Il neo sindaco, come ha annunciato in più occasioni e nel recente incontro con i giornalisti, intende fare del Comune una azienda che produca servizi utili alla collettività. Il monitoraggio della pianta organica consentirà di individuare carenze degli organici sul piano qualitativo e quantitativo, i limiti di una innovazione che va supportata dalla formazione preventiva e continua e da una diversa organizzazione del lavoro.

Un passo alla volta, ma necessario, perché – ha ricordato l’avvocato – “senza esercito non si vincono le battaglie’’. Un esercito da potenziare nei quadri dirigenziali  e via via nei ruoli tecnici e amministrativi, nel corpo della  polizia municipale, del verde e decoro urbano, e negli altri settori della struttura comunale, dalla quale i cittadini si attendono un salto di qualità dei servizi passando dalle enunciazioni e parziali attuazioni di servizi di taglio ‘’digitale 2.0’’ alla concreta fruizione delle prestazioni.

E questo è il nodo da superare che è generazionale ma anche organizzativo, tecnologico  e per farlo occorrono coerenza, decisionismo, forze nuove e  confronto con parti sociali e personale per il ‘’bene della città’’. Un percorso che porta – e citiamo passaggi degli interventi del nuovo Sindaco- a un processo di responsabilizzazione a tutti i  livelli.

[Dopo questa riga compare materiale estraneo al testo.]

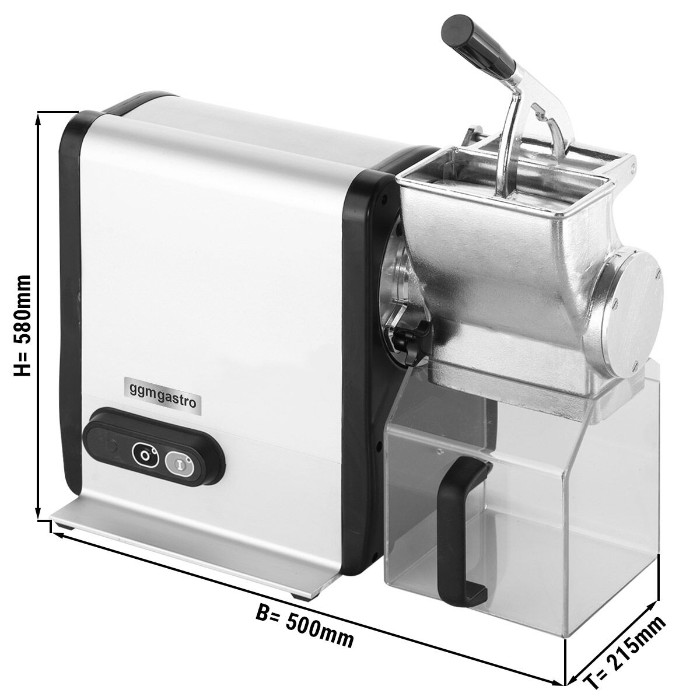 Электрическая терка для сыра - 750 Вт GGM Gastro KRESM75 0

E qui il feed back  passa per  i carichi di lavori, sugli obiettivi e sulla applicazione e semplificazione delle procedure, queste ultime in continuo aggiornamento  e su retribuzioni adeguate.

De Ruggieri, in campagna elettorale, ha annunciato di voler seguire l’esempio del Comune di Milano che ha ottenuto una deroga al patto di stabilità per le assunzioni per l’evento Expo 2015. La stessa cosa si può fare per Matera 2019.

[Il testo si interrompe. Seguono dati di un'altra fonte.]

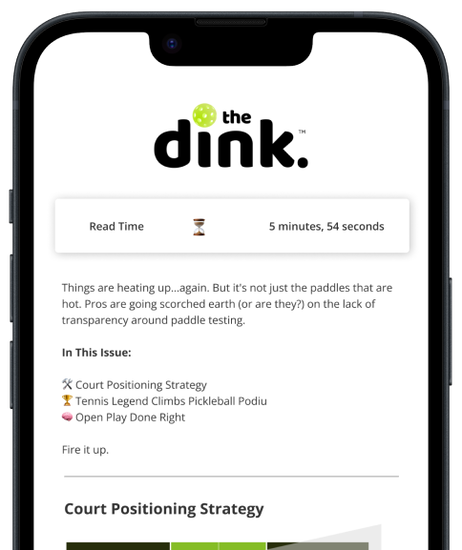 Luyện tập kỹ thuật Pickleball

Il resto potrebbe venire battendo altre strade sul percorso della efficienza, l’utilizzo di tutte le risorse interne (è auspicabile che si interrompa la pratica di trasferire alle segreterie assessorili personale in pianta organica, ricorrendo invece a giovani, persone di fiducia e retribuite dai neo amministratori), a trasferimenti da altri enti, a risorse umane di progetti e servizi che potrebbero operare con l’Amministrazione.

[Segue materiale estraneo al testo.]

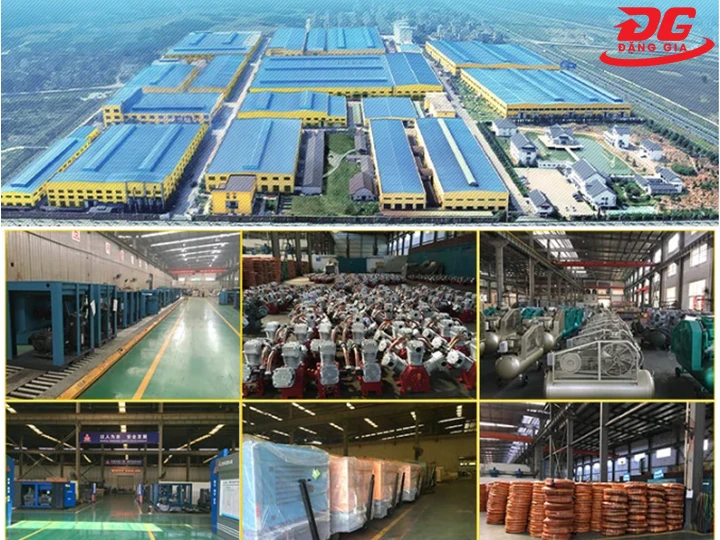 Tổng quan thương hiệu máy nén khí Kaishan Trung Quốc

E’ il caso di settori come verde, rifiuti, decoro urbano (si pensi alla mancata osservanza sulle deiezioni canine), dell’ associazionismo che può svolgere un ruolo produttivo per la città. Ma è importante attivare un osservatorio comunale per il monitoraggio dei servizi affidati all’esterno, con il coinvolgimento dei cittadini, per migliorare l’efficienza di prestazioni e ottimizzare i costi.

Una strada in salita ma che va percorsa in tempo, con la programmazione, motivazioni e risorse adeguate altrimenti la macchina perderà pezzi per strada e poco potranno fare meccanici, carrozzieri, elettrauti , la futura giunta (in itinere) e lo stesso sindaco.

E a proposito di mobilità e di vie di comunicazione giovedì 18 giugno, nell’ambito delle iniziative di Panorama Italia, l’avvocato Raffaele De Ruggieri incontrerà in Casa Cava il ministro dei Lavori Pubblici Graziano Del Rio.

Sarà l’occasione per sollecitare un impegno concreto su infrastrutture viarie, collegamento alla rete nazionale delle ferrovie dello Stato, intermodalità e mobilità innovativa.

Pronti slogan e per i patiti del tweet #RenziperMatera2019comeuntreno…Attendiamo fischio, macchinista e una vagonata di euro.